Timothy Frederick Lester (born February 8, 1977) is an American football coach who is the senior analyst for the Green Bay Packers of the National Football League (NFL). He most recently was the head football coach at Western Michigan University, a position he held from 2017 to 2022. Lester played quarterback at Western Michigan for coaches Al Molde and Gary Darnell from 1996 to 1999 and professionally for the Chicago Enforcers of the XFL in 2001. He then served as the head football coach at Saint Joseph's College in Rensselaer, Indiana in 2004 and at Elmhurst College from 2008 to 2012.

Early life
Lester attended Wheaton Warrenville South High School in Wheaton, Illinois. As a senior, Lester threw for 1,732 yards and 17 touchdowns (TDs) with two interceptions before succumbing to a knee injury in the playoffs. He was subsequently named second-team all-state by the Chicago Tribune. In two years as a starting quarterback, he completed 60 percent of his passes for 3,632 yards and 38 TDs with six interceptions.  Prior to his injury, Lester had been considered a blue chip prospect and planned on committing to Florida and head coach Steve Spurrier.

College career
Lester threw for 11,299 passing yards with 87 TDs during his career, setting 17 school records after being recruited to WMU and winning MAC Freshman of the Year under head coach Al Molde and subsequently Gary Darnell and offensive coordinator Bill Cubit. Lester finished his career ranked fourth all time in NCAA Division I for passing yards and sixth in touchdowns.

Following his senior season, Lester participated in the 1999 Blue-Gray Classic.

In 2011, Lester was named to the Western Michigan University Athletic Hall of Fame.

Professional career
Although Lester was scouted by several professional teams in college, he went undrafted in the 2000 NFL Draft.

Lester was drafted by the Chicago Enforcers in the sixth round of the 2001 XFL Draft. He played in four games, completing 40 of 76 passes for 554 yards with four touchdowns and five interceptions, and losing all four games as started; he was benched and eventually released midseason. 

Lester also spent time in the Arena Football League in 2001 with the Nashville Kats and Carolina Cobras; and the Arena Football League 2 in 2002 with the Memphis Xplorers.

Coaching career
Immediately following his playing career at WMU, Lester returned to his alma mater Wheaton Warrenville South high school as a math teacher.

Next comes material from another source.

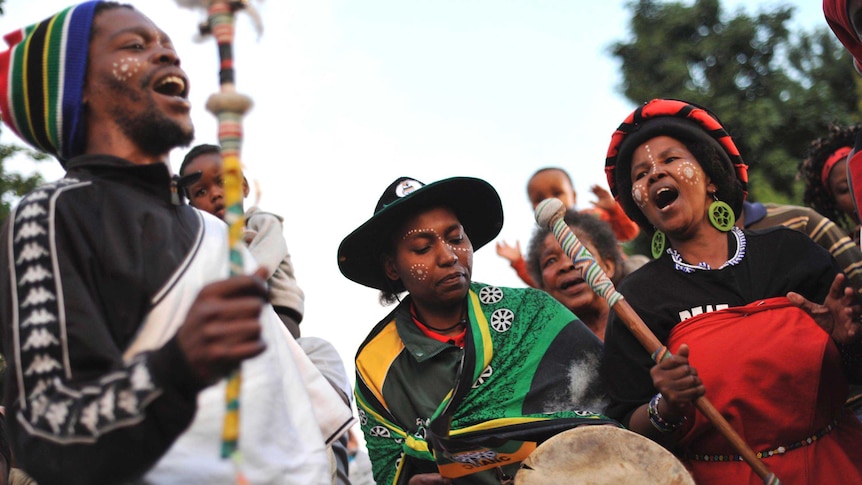 South Africans sing to honour the life of Nelson Mandela outside his home in Johannesburg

He also served as offensive coordinator for the varsity football team for one season. He continued to hold that job while playing for the XFL, effectively playing as a semi-professional.

Lester then spent one season as the head coach of NCAA Division II Saint Joseph's College in 2004. Following the season he was named the 2004 Independent Football Alliance (IFA) Coach of the Year.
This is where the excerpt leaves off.